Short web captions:
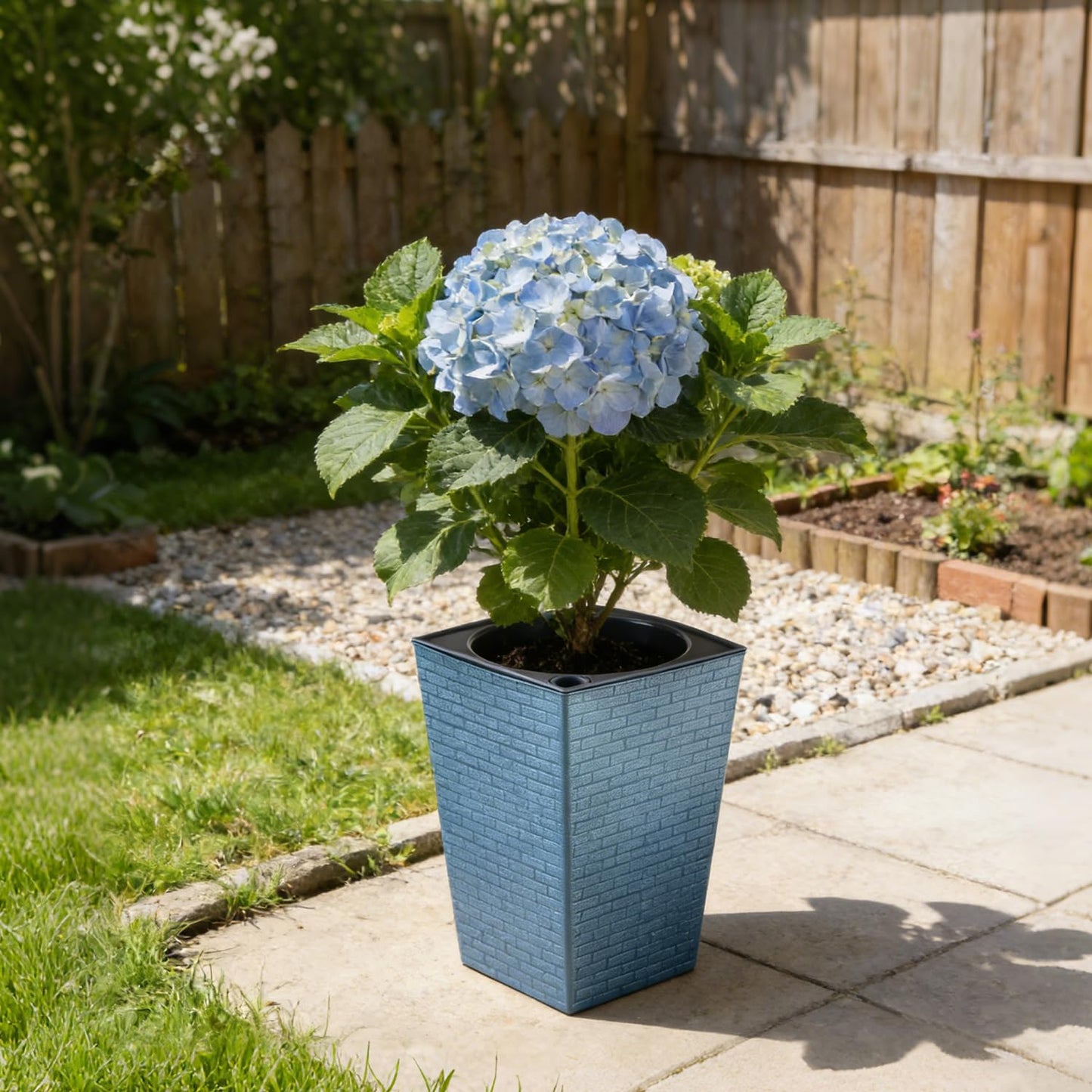 Self Watering Pots for Indoor Plants, 2 Pack Flower Pots Self Watering Planter 10.7" x 6.9" Plastic Pots African Violet Wick and Grow Pots Tall Orchid pots Square Large Plant Pots, Blue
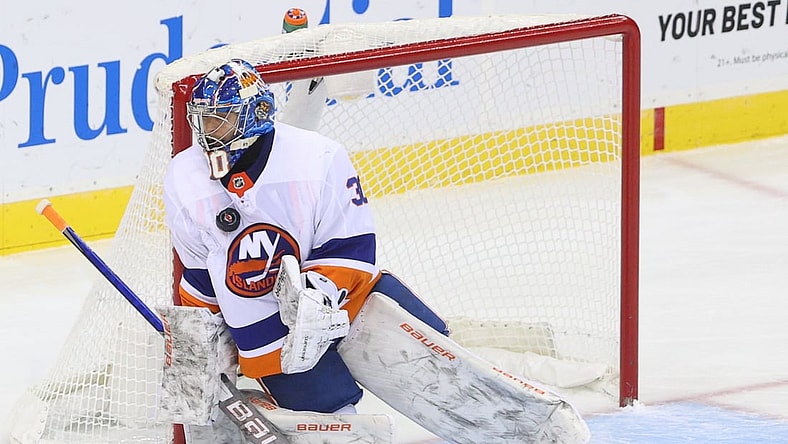 Jan 24, 2021; Newark, New Jersey, USA; New York Islanders goaltender Ilya Sorokin (30) makes a save during the third period of their game against the New Jersey Devils at Prudential Center. Mandatory Credit: Ed Mulholland-USA TODAY Sports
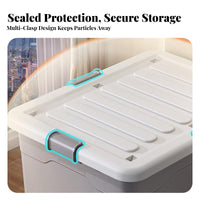 Large Capacity Wheeled Storage Bin with Lid Multi-Purpose Wheeled Latch Box sturdyDuty Rolling Container long-lasting Construction for Homeowners, Families, Playroom, Bedroom, Moving, Closet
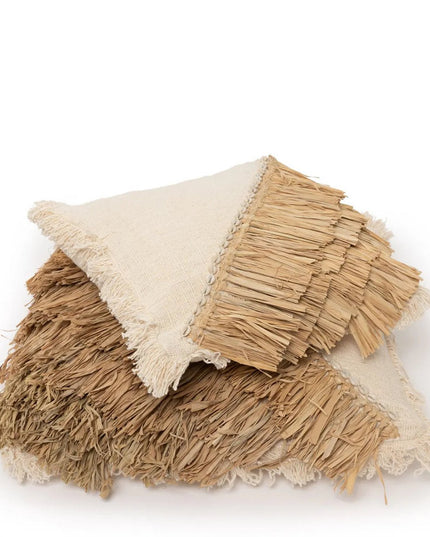 De Raffia Katoenen Kussenhoes - Naturel Wit - 60x60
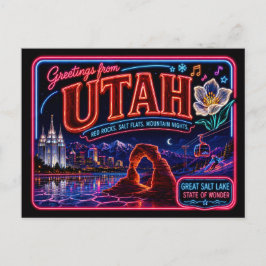 Utah Neon State Retro Vintage Postkarte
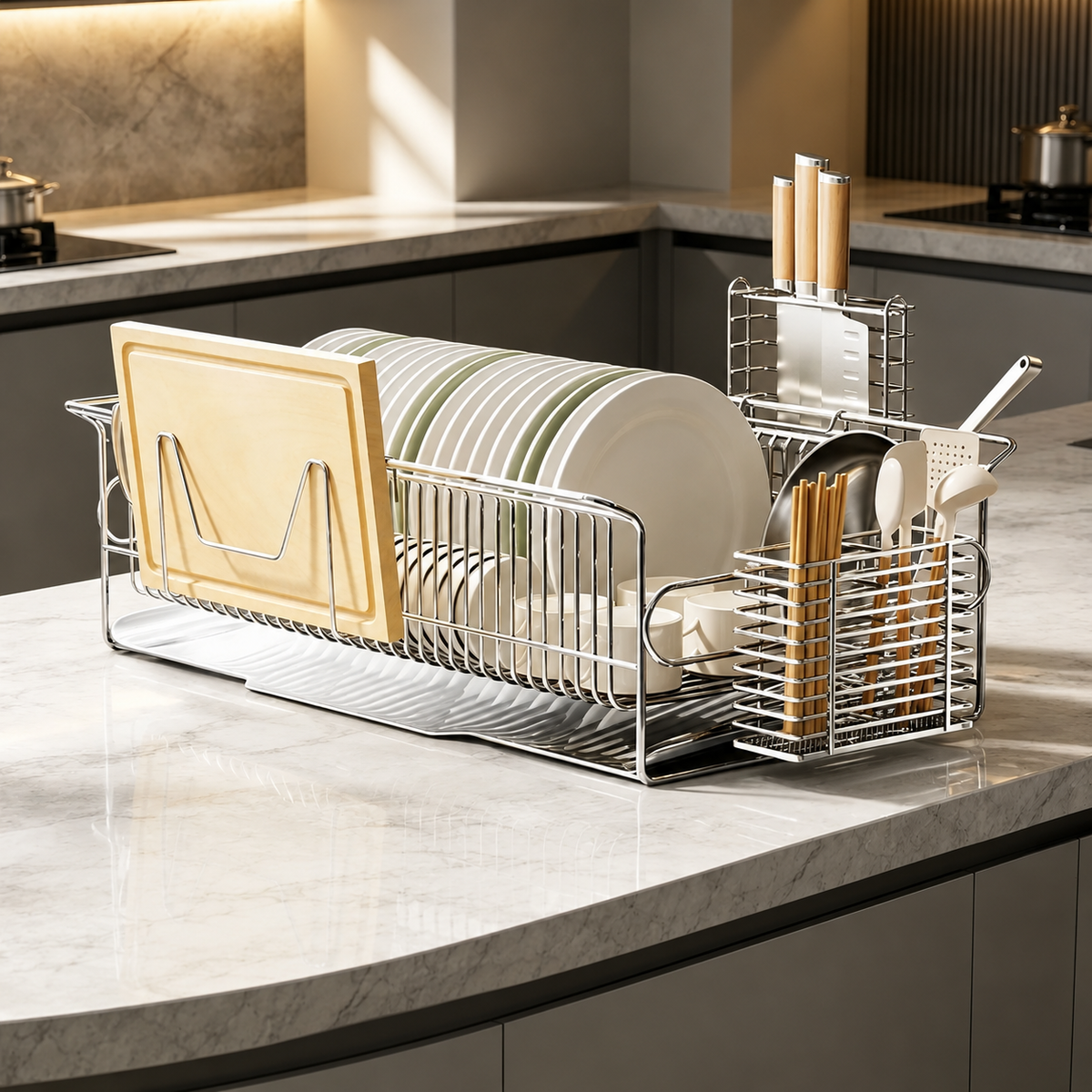 SAINT LAWRENCE Stainless Steel Dish Rack with Utensil Holder, Knife Block & Cutting Board Organizer – Large Countertop Kitchen Drainer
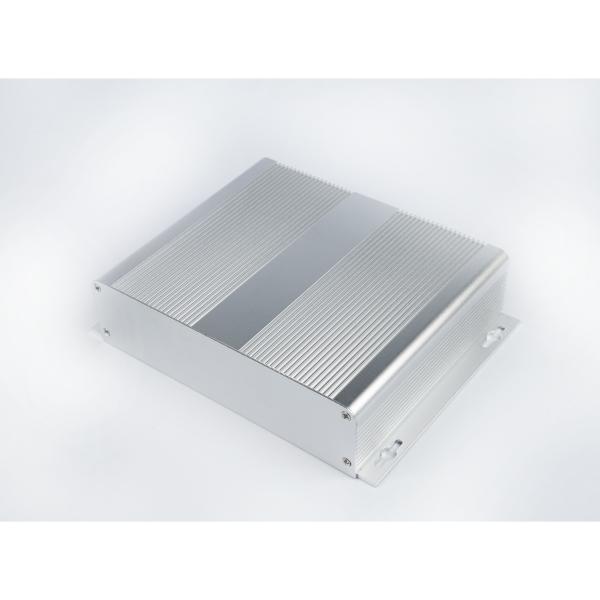 204x48x150mm Extruded Large Aluminum Enclosure With Heatsink Sides In Black Silver Color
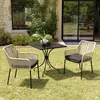 MACABANE Lot de 2 fauteuils cordage couleur naturelle coussin assise noir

- [What you will do]:
Once you find the line that contains "204x48x150mm Extruded Large", reproduce it and every line after it through the end of the entries above, exactly as written, with no pictures.

- [Response box]:
 204x48x150mm Extruded Large Aluminum Enclosure With Heatsink Sides In Black Silver Color
 MACABANE Lot de 2 fauteuils cordage couleur naturelle coussin assise noir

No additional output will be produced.